Another advantage of the method is that it does not start from the original observed data set (gene expression matrix for instance) but from a ranking statistic that already summarizes the relevant characteristic under study. This makes the methodology useful in many genomic contexts beyond the microarray paradigm. One example of ranking statistic we have discussed is the classical t-test which, perhaps with some modification, is underneath most GSA methodologies. For each gene, this statistic measures the biological characteristic of “how much” the gene is differentially expressed in a particular biological experiment. But we also exemplified how the ranking statistic can be a hazard ratio form a Cox model or other gene-wise variable[19]. In the case of the hazard ratio, the biological characteristic measured for each gene by the statistic is the association of expression and risk disease. The GSA for this second example can be directly carried out using the logistic methodology and software. On the contrary, most GSA approaches will require major modifications of their methods and software to be applied in a case other than differential gene expression in a class comparison experiment.

Virtually any gene-wise variable can be explored from a GSA perspective using the logistic regression model. In this paper we presented examples for the analysis of transcription rates, mRNA stabilities, splicing, SNP association to disease and copy number estimation. The analysis of other measurements is possible, including the evolutionary selective pressure in the human genome or a study of gene connectivity in the interactome [19]. Other publications also discuss on the advantage of a methodology that starts form a single ranking statistic and not from the whole expression data matrix [42], [43].

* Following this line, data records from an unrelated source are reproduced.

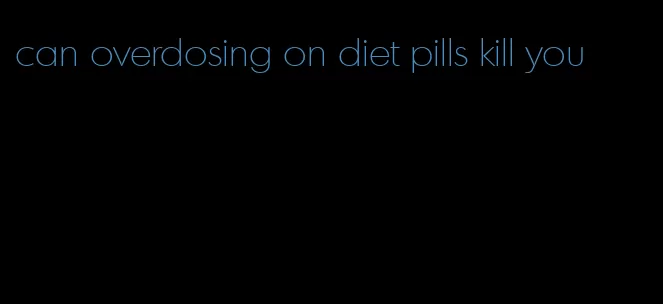 can overdosing on diet pills kill you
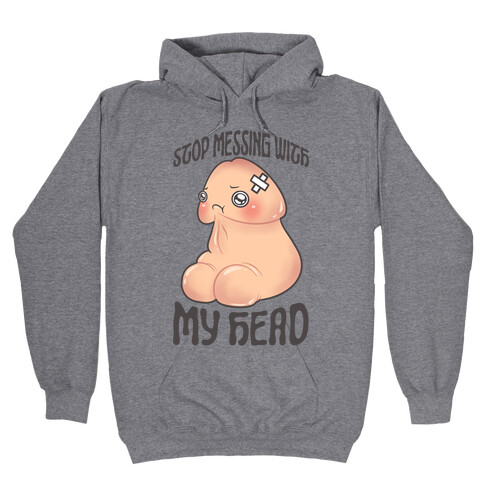 Stop Messing With My Head Hooded Sweatshirt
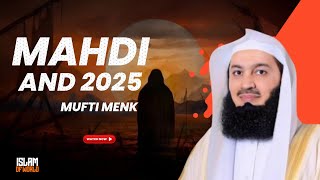 The Rise Of Imam Mahdi In 2025 | Mufti Menk | Islamofworld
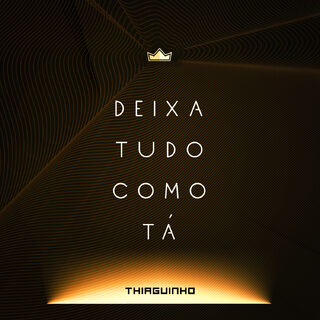 Deixa Tudo Como Tá (ao Vivo) – Thiaguinho Mp3 download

Having said that, some remarks and warnings should be given related mainly with the null hypothesis that underpin the method and p-value computation.

In Sator's logistic regression approach [41] and in the extension we are proposing here, the distribution of the ranking statistic within each module is compared to that of its complement. Thus, following Goeman's nomenclature they are “competitive” tests [10]. Also, the way p-values are computed in the logistic model make of this approach a “gene sampling model” methodology [10].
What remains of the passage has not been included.